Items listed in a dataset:
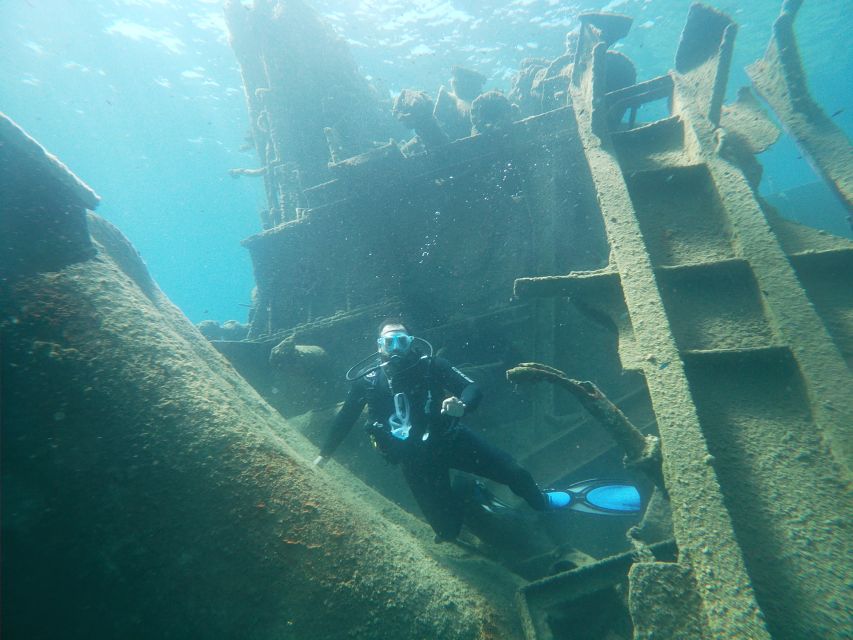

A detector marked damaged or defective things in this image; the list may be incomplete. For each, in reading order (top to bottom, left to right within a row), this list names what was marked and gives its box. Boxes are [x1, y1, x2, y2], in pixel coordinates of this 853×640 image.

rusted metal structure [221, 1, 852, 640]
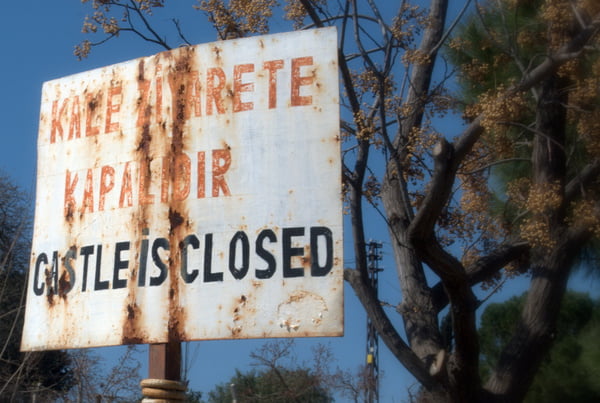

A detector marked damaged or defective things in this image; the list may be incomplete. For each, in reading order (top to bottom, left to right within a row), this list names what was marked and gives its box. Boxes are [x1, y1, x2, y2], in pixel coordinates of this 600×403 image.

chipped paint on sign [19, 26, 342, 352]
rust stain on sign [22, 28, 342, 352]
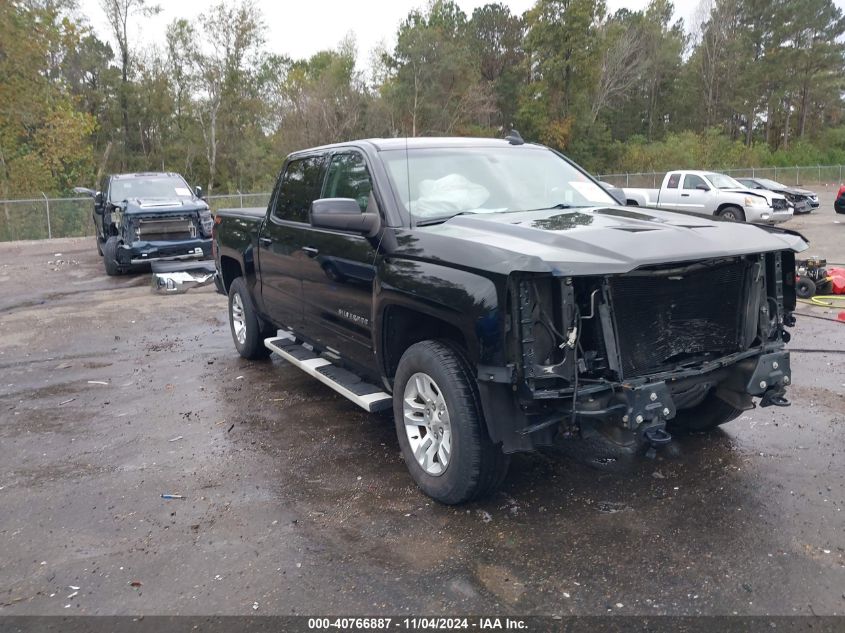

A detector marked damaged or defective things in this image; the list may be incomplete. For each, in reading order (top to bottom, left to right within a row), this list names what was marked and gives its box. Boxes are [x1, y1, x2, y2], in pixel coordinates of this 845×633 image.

◆ **Work request**
Nothing but the records, copied exactly and stripped of pictures, should be returned.

◆ **Result of this task**
A detector marked damaged or defective things in this image; the list may be incomplete. For each, in reading order (top to bottom, left to right within a row), this list names what was marked and gives its box. Boxes are [x1, y1, x2, y2], in pixel coordinates of this 853×640 image.

rusted metal structure [221, 1, 852, 640]

A detector marked damaged or defective things in this image; the list may be incomplete. For each, in reading order (top to bottom, left to right within a row), this list names what was marked and gives its box. Boxes are [x1, y1, x2, y2], in pixel coordinates of this 600×403 image.

chipped paint on sign [19, 26, 342, 352]
rust stain on sign [22, 28, 342, 352]

A detector marked damaged or defective things in this image; the list may be incomplete. For each, in reading order (top to bottom, left to right within a row), this list names what was marked and gives its box. Boxes are [x1, y1, x2, y2], in pixel coordinates of this 845×633 image.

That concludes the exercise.